Nell'intervista-confessione a Max, Morgan ha svelato aspetti cupi della sua vita come il suicidio del padre, ha parlato della depressione, dei farmaci pesantissimi usati per curarla e ha candidamente ammesso di aver usato il crack, diabolica mistura a base di cocaina come antidepressivo, come rimedio per illuminare gli angoli bui della sua psiche. Il messaggio che arriva al grande pubblico è decisamente inquietante, anche perché gli idoli musicali diventano spesso modelli di vita per i giovani, punti di riferimento, totem del saper vivere.

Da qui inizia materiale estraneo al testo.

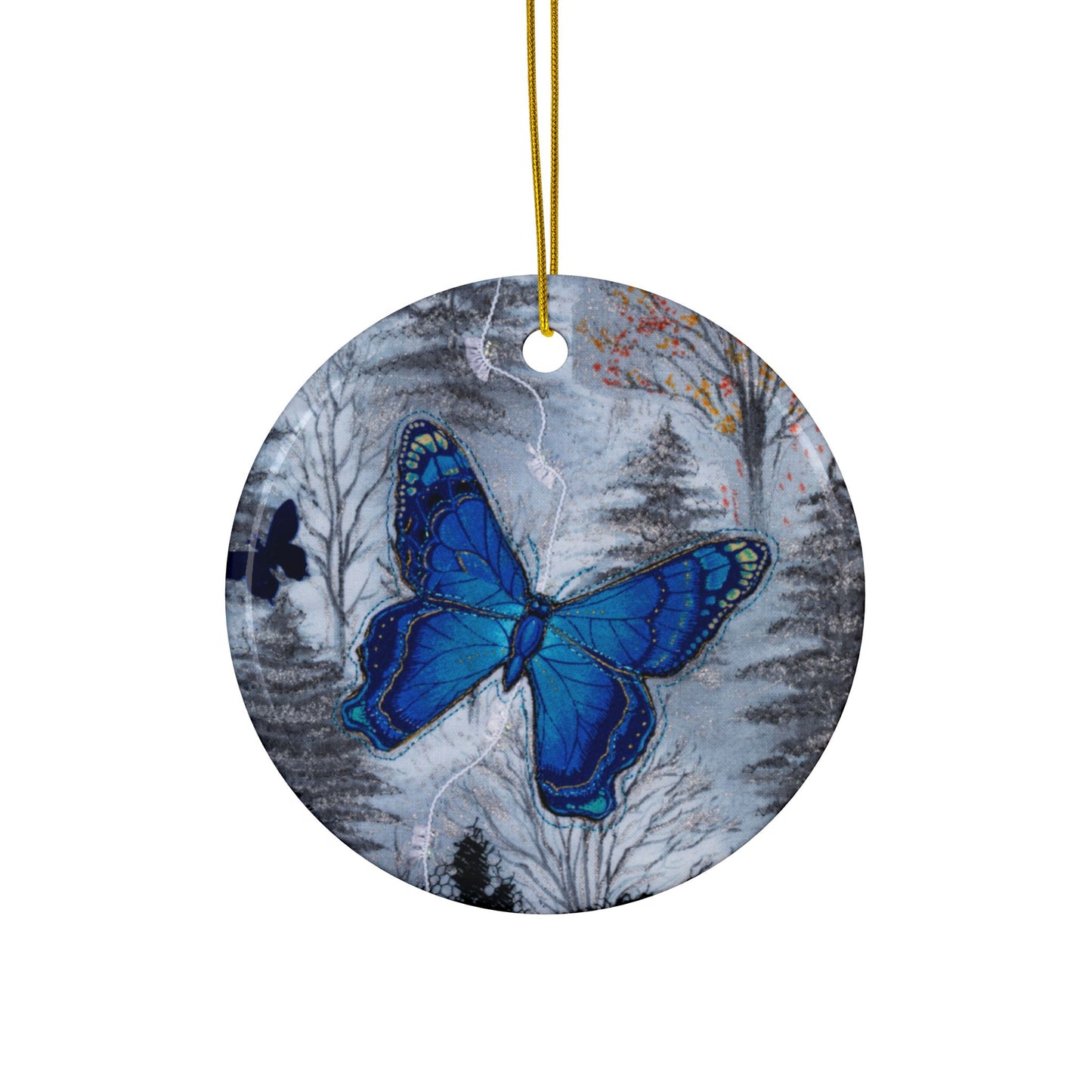 Blue Butterfly Ceramic Ornament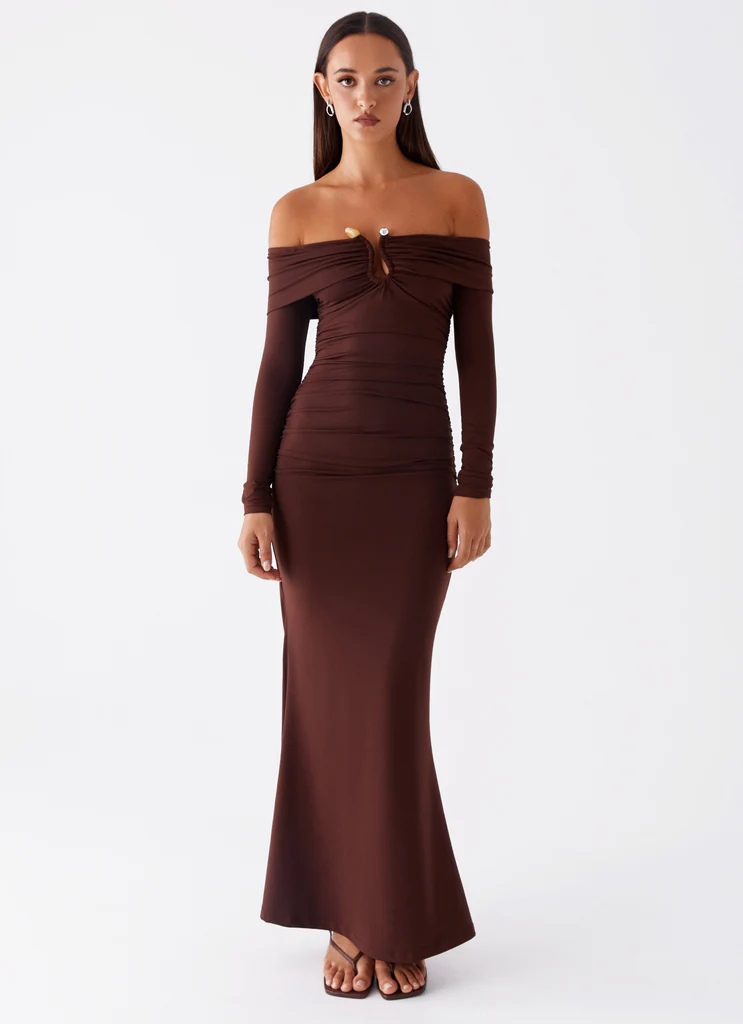 Robe maxi à manches longues Rudy - Chocolat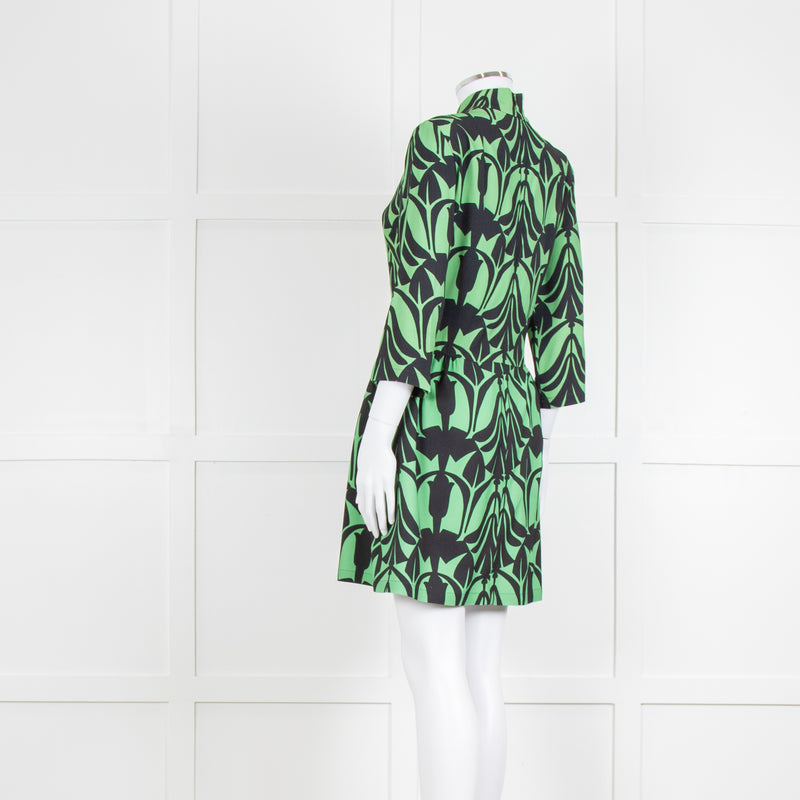 La Double J. Green and Black Mini Dress with High Neck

Adesso gli organizzatori hanno deciso di escluderlo dal Festival di Sanremo, dove avrebbe dovuto partecipare con il brano ''La sera''. Sulla ribalta dello spettacolo nazionalpopolare per eccellenza la sua presenza diventava ingombrante, anche se ora il cantante si affanna a smentire le frasi incriminate dell'intervista: ''sono addolorato e disperato per le parole che mi sono state attruibuite, ho commesso errori in passato, ma non mi sognerei mai di lanciare ai giovani un messaggio che esalti l'uso degli stupefacenti''.
In attesa di chiarimenti, la Tv rischia di perdere un personaggio davvero speciale, un uomo che sa miscelare cultura e musica con leggerezza e gusto. Ma la descrizione del crack come panacea dei mali psicologici è un messaggio devastante, una mistura diabolica, che rischia di bruciarlo come un angelo maledetto.